Your “thoughts” are applying his solution to the wrong problem. “Start small and stay small” I’m not sure what that even means. Are you saying every service has to grow to some size or required amount of compute? LOL
The 100ms extra time is nothing. I mean - are you trying to solve at Google or Amazon scale?
I run simple Lambdas that read from some SNS topics, apply some transforms and add metadata to the message, and route it somewhere else. I get bursts of traffic at specific peak times. That’s the use case and it works well. The annoying part is Cloud Formation templates but that’s another topic.
You’re making some bizarre assumptions. Not everything is front end user facing.
Let’s say I’m processing messages off a queue. P90 @ 50ms vs p90 at 100ms doesn’t necessarily make a difference. What are my downstream dependencies? What difference does it make to them?

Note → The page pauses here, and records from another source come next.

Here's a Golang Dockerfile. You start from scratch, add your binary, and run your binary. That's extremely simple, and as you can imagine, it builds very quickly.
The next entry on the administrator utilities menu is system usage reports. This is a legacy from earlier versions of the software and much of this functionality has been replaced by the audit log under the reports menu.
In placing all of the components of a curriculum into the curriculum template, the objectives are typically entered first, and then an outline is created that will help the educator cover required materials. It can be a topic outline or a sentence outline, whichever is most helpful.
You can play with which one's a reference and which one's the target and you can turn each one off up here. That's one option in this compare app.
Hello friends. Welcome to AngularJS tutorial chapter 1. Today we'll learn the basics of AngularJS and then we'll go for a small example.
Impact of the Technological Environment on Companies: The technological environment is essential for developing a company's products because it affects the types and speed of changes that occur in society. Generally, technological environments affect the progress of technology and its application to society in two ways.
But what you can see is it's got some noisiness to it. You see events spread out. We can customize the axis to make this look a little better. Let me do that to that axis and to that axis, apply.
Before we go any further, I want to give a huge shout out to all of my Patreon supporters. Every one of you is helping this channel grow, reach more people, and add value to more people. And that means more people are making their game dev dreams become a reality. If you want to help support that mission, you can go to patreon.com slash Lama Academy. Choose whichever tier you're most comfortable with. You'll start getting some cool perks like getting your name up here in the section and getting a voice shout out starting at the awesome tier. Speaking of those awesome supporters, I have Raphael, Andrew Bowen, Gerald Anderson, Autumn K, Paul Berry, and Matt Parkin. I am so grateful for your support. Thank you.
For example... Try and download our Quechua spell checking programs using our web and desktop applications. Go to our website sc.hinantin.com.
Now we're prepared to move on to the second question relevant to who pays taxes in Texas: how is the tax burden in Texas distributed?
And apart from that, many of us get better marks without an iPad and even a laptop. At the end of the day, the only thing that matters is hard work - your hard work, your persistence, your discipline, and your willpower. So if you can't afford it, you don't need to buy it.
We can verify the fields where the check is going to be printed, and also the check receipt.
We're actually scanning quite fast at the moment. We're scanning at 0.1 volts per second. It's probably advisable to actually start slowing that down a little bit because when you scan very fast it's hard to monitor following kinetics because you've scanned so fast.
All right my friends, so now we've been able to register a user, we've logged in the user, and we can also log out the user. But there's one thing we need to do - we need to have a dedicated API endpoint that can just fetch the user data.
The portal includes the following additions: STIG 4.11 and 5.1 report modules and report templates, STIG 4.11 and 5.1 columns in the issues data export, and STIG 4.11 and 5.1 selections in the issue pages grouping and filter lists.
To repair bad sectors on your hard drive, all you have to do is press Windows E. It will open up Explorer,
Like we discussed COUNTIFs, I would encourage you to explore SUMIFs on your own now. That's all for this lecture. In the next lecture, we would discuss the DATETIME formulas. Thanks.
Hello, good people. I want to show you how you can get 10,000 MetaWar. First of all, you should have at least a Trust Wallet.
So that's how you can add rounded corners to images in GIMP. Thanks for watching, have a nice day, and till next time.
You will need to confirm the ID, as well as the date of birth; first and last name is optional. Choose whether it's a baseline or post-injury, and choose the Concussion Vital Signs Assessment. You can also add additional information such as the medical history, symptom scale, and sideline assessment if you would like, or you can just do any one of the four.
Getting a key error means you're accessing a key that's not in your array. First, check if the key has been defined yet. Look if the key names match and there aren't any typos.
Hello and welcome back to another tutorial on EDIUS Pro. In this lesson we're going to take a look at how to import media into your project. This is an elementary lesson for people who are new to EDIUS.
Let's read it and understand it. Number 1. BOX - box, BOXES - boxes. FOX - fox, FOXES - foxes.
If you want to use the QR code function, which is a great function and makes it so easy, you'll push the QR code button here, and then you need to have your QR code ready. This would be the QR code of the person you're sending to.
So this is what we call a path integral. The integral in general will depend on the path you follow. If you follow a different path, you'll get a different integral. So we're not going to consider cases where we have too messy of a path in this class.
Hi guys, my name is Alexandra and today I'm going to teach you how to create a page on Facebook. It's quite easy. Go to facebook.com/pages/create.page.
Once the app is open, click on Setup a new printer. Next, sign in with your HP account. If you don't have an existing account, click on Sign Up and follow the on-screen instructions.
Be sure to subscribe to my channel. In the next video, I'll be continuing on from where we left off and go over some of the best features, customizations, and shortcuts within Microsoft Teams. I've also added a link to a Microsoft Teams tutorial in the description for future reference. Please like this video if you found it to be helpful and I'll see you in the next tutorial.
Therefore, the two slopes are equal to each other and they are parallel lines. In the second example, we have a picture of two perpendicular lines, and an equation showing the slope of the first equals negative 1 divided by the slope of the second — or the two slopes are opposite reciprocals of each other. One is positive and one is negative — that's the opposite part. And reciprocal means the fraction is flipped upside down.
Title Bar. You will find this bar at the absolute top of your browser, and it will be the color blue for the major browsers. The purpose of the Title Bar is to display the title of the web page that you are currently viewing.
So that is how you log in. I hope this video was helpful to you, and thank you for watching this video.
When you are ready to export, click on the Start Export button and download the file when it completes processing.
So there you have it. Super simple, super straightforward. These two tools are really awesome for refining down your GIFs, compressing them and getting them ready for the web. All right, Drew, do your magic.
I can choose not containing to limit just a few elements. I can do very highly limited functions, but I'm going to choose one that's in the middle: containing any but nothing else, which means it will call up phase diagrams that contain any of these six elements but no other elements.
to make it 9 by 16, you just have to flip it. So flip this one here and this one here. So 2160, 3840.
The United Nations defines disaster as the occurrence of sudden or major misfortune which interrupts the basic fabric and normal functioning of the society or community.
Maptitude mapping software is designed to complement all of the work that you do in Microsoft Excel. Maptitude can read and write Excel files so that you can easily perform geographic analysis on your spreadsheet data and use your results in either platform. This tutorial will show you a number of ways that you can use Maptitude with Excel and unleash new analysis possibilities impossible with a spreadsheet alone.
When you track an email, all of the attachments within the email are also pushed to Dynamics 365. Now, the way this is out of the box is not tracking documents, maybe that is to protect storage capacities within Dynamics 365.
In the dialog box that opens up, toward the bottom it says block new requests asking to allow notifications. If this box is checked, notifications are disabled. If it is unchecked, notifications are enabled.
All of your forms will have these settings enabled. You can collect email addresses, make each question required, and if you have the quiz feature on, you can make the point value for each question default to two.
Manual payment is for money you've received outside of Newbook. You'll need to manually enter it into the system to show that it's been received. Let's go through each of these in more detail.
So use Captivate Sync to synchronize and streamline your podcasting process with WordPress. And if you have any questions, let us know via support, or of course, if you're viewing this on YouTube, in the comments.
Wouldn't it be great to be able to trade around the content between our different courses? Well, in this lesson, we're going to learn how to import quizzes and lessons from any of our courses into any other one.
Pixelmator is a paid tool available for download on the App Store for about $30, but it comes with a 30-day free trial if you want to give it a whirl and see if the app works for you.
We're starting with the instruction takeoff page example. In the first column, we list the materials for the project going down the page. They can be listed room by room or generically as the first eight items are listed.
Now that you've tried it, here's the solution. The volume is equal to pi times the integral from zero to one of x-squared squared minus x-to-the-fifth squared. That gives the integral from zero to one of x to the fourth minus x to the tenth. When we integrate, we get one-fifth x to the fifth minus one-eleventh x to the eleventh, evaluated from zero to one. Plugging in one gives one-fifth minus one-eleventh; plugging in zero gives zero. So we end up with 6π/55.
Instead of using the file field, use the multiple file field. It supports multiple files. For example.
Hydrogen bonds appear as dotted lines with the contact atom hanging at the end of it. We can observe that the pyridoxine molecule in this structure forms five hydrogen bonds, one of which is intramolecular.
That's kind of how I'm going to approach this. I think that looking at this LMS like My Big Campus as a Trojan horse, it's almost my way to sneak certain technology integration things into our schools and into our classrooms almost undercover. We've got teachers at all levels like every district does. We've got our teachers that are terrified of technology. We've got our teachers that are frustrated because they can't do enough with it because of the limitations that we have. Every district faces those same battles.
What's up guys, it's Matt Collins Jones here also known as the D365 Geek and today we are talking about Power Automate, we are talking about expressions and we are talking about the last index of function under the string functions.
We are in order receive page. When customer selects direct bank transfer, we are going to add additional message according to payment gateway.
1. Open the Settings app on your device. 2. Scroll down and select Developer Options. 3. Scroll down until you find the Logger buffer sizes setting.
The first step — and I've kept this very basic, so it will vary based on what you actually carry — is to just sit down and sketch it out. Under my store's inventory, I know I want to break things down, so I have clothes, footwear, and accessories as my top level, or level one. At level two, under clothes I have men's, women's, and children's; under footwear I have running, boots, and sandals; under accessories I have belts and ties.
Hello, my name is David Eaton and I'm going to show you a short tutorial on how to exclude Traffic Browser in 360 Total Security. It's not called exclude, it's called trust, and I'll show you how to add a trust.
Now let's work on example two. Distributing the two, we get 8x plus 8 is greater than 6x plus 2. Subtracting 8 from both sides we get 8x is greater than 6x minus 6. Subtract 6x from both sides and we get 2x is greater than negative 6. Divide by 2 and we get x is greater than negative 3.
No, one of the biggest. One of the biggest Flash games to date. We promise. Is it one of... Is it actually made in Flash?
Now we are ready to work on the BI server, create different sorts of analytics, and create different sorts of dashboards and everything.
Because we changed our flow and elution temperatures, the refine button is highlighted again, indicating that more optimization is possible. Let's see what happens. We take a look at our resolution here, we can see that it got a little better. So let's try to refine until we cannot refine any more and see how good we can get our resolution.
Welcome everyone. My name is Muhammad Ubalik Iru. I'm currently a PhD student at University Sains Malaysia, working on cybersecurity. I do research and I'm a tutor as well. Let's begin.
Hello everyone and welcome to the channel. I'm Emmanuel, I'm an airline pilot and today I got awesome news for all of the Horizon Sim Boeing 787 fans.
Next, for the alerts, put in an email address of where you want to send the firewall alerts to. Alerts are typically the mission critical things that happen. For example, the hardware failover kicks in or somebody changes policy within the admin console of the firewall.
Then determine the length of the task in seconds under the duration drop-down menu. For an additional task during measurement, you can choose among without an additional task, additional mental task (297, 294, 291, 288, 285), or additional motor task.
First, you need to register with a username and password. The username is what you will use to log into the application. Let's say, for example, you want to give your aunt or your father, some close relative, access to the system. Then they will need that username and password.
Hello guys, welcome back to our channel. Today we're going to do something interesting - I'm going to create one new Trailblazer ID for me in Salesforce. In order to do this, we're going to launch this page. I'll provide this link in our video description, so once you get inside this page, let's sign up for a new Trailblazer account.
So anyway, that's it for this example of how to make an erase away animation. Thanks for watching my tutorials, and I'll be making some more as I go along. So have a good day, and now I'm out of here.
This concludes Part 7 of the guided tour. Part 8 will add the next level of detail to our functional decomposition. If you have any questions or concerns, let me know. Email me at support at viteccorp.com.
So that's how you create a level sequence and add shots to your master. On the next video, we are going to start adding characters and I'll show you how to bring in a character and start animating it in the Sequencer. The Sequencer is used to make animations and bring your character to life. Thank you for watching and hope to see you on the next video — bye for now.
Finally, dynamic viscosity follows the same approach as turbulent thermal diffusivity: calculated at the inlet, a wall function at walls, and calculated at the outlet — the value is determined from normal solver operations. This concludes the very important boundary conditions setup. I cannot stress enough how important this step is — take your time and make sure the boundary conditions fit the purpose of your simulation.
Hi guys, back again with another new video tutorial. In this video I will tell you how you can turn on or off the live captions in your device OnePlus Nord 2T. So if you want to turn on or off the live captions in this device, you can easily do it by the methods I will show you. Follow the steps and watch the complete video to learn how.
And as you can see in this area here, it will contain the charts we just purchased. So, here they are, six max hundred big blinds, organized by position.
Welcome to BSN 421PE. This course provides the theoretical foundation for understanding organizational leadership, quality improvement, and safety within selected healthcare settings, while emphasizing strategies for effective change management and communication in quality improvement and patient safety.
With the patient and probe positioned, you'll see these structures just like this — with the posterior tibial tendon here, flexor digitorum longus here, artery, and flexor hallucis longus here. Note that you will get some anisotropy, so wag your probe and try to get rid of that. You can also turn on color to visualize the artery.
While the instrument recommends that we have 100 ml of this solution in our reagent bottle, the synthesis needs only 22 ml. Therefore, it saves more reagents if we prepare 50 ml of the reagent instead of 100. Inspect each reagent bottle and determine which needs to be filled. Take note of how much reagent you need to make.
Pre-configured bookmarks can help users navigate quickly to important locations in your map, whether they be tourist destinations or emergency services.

At the end of the day, value is what you care about - not necessarily chasing a metric because lower is absolutely better. What’s the cost of another x milliseconds of latency considering other trade offs (on going operational burden, extensibility, simplicity, scalability, ease of support etc etc).
If 50 ms latency means I can have a solution that can auto scale to massive spikes in traffic due to seasonality or time of day vs a reduction of that latency but I have to spend time capacity planning hardware and potentially holding extra capacity “just in case”, then again, optimizing for a single metric is pointless.
The 100ms extra time is nothing. I mean - are you trying to solve at Google or Amazon scale?
I run simple Lambdas that read from some SNS topics, apply some transforms and add metadata to the message, and route it somewhere else. I get bursts of traffic at specific peak times. That’s the use case and it works well. The annoying part is Cloud Formation templates but that’s another topic.